- [WORK TASK]
Whatever appears in the records, retype it exactly, except for the pictures.

═════ AVAILABLE RECORDS

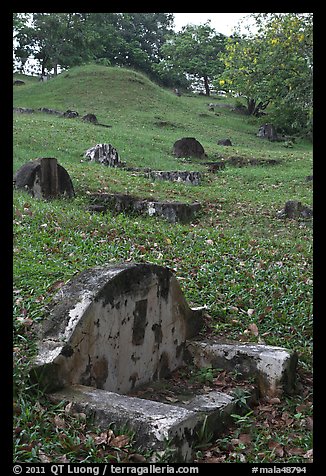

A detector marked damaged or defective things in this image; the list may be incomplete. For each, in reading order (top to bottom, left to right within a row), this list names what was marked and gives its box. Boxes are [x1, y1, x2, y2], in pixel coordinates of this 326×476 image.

cracked concrete edge [186, 340, 298, 396]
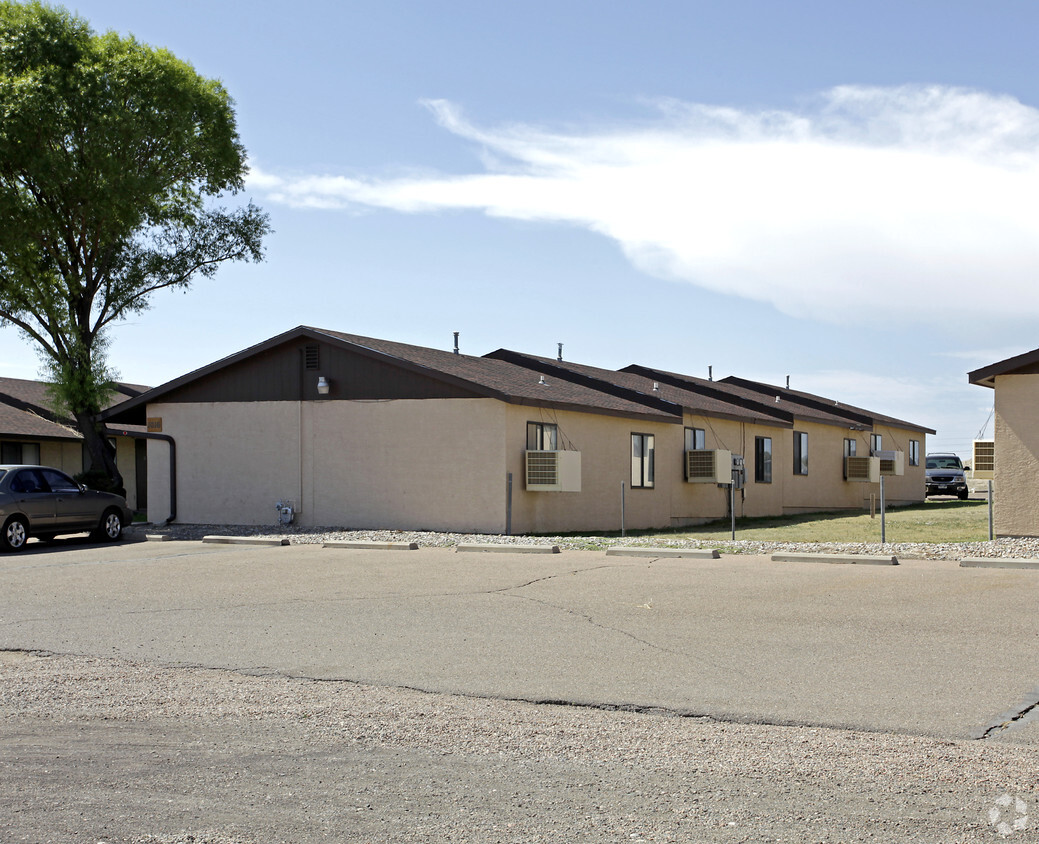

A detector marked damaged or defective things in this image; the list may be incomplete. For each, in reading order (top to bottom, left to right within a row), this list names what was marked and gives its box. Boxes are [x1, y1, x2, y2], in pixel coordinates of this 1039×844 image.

cracked pavement [2, 536, 1039, 740]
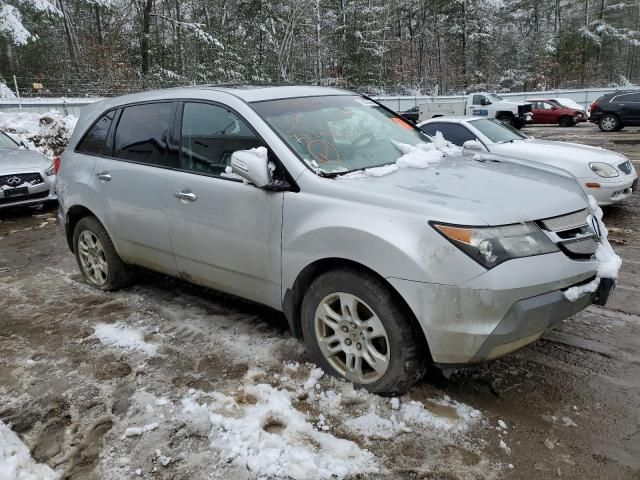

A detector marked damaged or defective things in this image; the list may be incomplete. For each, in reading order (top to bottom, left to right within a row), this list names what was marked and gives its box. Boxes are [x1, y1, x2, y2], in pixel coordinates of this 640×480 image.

cracked windshield [252, 95, 432, 174]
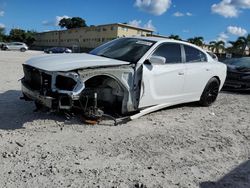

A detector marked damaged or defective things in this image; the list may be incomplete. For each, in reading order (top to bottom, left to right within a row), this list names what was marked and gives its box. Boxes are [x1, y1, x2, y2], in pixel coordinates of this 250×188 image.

crumpled hood [24, 53, 130, 71]
damaged grille [22, 64, 51, 92]
damaged white sedan [20, 37, 228, 123]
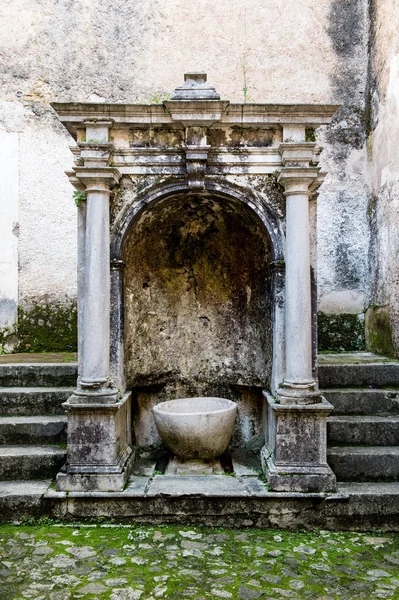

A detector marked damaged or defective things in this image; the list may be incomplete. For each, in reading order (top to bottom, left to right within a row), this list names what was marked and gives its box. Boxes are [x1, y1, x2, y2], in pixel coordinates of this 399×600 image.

cracked plaster wall [0, 1, 388, 346]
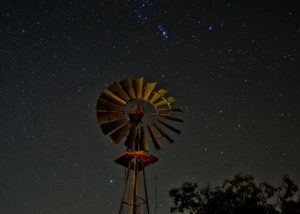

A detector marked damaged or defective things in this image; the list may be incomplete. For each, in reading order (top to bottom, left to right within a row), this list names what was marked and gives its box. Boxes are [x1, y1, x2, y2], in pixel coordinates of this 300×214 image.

rusted metal blade [101, 88, 126, 105]
rusted metal blade [109, 82, 130, 102]
rusted metal blade [119, 78, 136, 99]
rusted metal blade [101, 118, 127, 135]
rusted metal blade [109, 122, 130, 144]
rusted metal blade [123, 124, 139, 150]
rusted metal blade [154, 123, 175, 143]
rusted metal blade [157, 118, 180, 134]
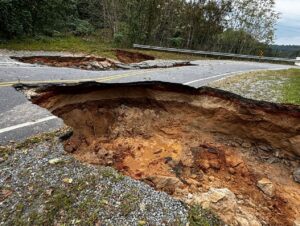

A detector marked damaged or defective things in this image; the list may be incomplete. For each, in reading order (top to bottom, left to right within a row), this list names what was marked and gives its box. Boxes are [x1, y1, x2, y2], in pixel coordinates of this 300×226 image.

missing road chunk [15, 81, 298, 226]
damaged road [15, 81, 300, 226]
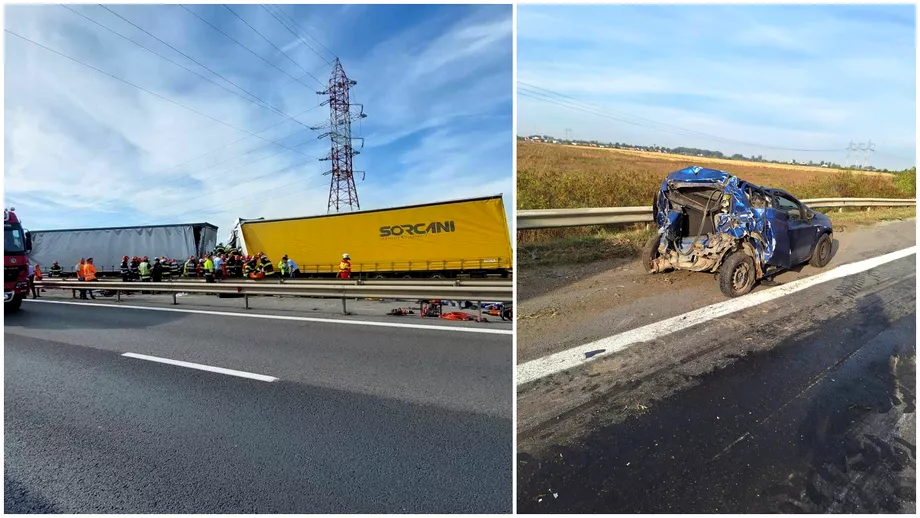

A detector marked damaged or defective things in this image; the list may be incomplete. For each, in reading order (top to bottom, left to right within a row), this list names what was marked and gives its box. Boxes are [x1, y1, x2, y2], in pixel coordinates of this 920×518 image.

wrecked blue car [648, 167, 832, 296]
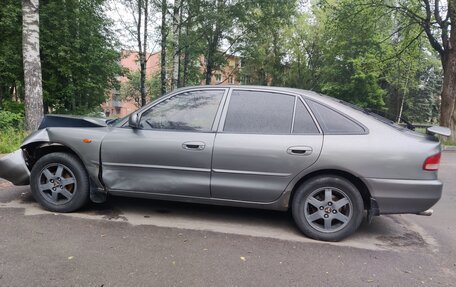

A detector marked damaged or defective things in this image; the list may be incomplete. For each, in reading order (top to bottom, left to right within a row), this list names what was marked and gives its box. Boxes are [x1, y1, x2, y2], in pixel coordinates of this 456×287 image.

damaged front bumper [0, 150, 29, 186]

══════════

- [OUTPUT OF THE EXERCISE]
A detector marked damaged or defective things in this image; the list may be incomplete. For each, in reading order (top to bottom, left to right within a row), this list names what was marked and gives its box. Boxes are [x1, y1, x2, y2], in pixel coordinates of this 326×476 image.

cracked concrete edge [186, 340, 298, 396]

A detector marked damaged or defective things in this image; the list may be incomplete. For each, in reading order (top to bottom, left to right within a row), this list names what was marked and gives its box. Boxes are [x1, y1, x2, y2], in pixel coordinates of this 1039×844 image.

cracked pavement [2, 536, 1039, 740]

A detector marked damaged or defective things in this image; the list may be incomplete. For each, in reading order (top to bottom, left to right within a row), this list names what was marked and gives its box. Boxes are [x1, y1, x2, y2], in pixel coordinates of this 640×480 image.

cracked windshield [252, 95, 432, 174]

A detector marked damaged or defective things in this image; the list may be incomplete. For each, in reading order (top to bottom, left to right within a row), this list names what was marked and gives its box. Boxes are [x1, y1, x2, y2], in pixel coordinates of this 250×188 image.

crumpled hood [24, 53, 130, 71]
damaged grille [22, 64, 51, 92]
damaged white sedan [20, 37, 228, 123]

A detector marked damaged or defective things in this image; the list may be incomplete. For each, in reading order (top to bottom, left to right within a row), this list names what was marked and gives its box. Boxes are [x1, y1, x2, y2], in pixel coordinates of this 399×600 image.

cracked plaster wall [0, 1, 388, 346]

A detector marked damaged or defective things in this image; the list may be incomplete. For each, in reading order (top to bottom, left to right within a row), this list names what was marked and gives its box. Boxes are [x1, y1, x2, y2], in pixel coordinates of this 300×214 image.

rusted metal blade [101, 88, 126, 105]
rusted metal blade [109, 82, 130, 102]
rusted metal blade [119, 78, 136, 99]
rusted metal blade [101, 118, 127, 135]
rusted metal blade [109, 122, 130, 144]
rusted metal blade [123, 124, 139, 150]
rusted metal blade [154, 123, 175, 143]
rusted metal blade [157, 118, 180, 134]

A detector marked damaged or defective things in this image; the list may be incomplete. For each, in reading order (top to bottom, left to right within a row), this list names what was marked and gives its box. Boxes are [x1, y1, x2, y2], in pixel coordinates of this 300×226 image.

missing road chunk [15, 81, 298, 226]
damaged road [15, 81, 300, 226]

A detector marked damaged or defective things in this image; the list may be incomplete. For each, in reading order (top to bottom, left to right within a row), this list names what was marked and gives its box. Boxes are [x1, y1, x2, y2], in pixel coordinates of this 920×518 image.

wrecked blue car [648, 167, 832, 296]

A detector marked damaged or defective things in this image; the list may be incomplete. For each, in reading order (top to bottom, left to right within a row), this list names what was marked and gives its box. Boxes are [x1, y1, x2, y2], in pixel coordinates of this 456×287 image.

damaged front bumper [0, 150, 29, 186]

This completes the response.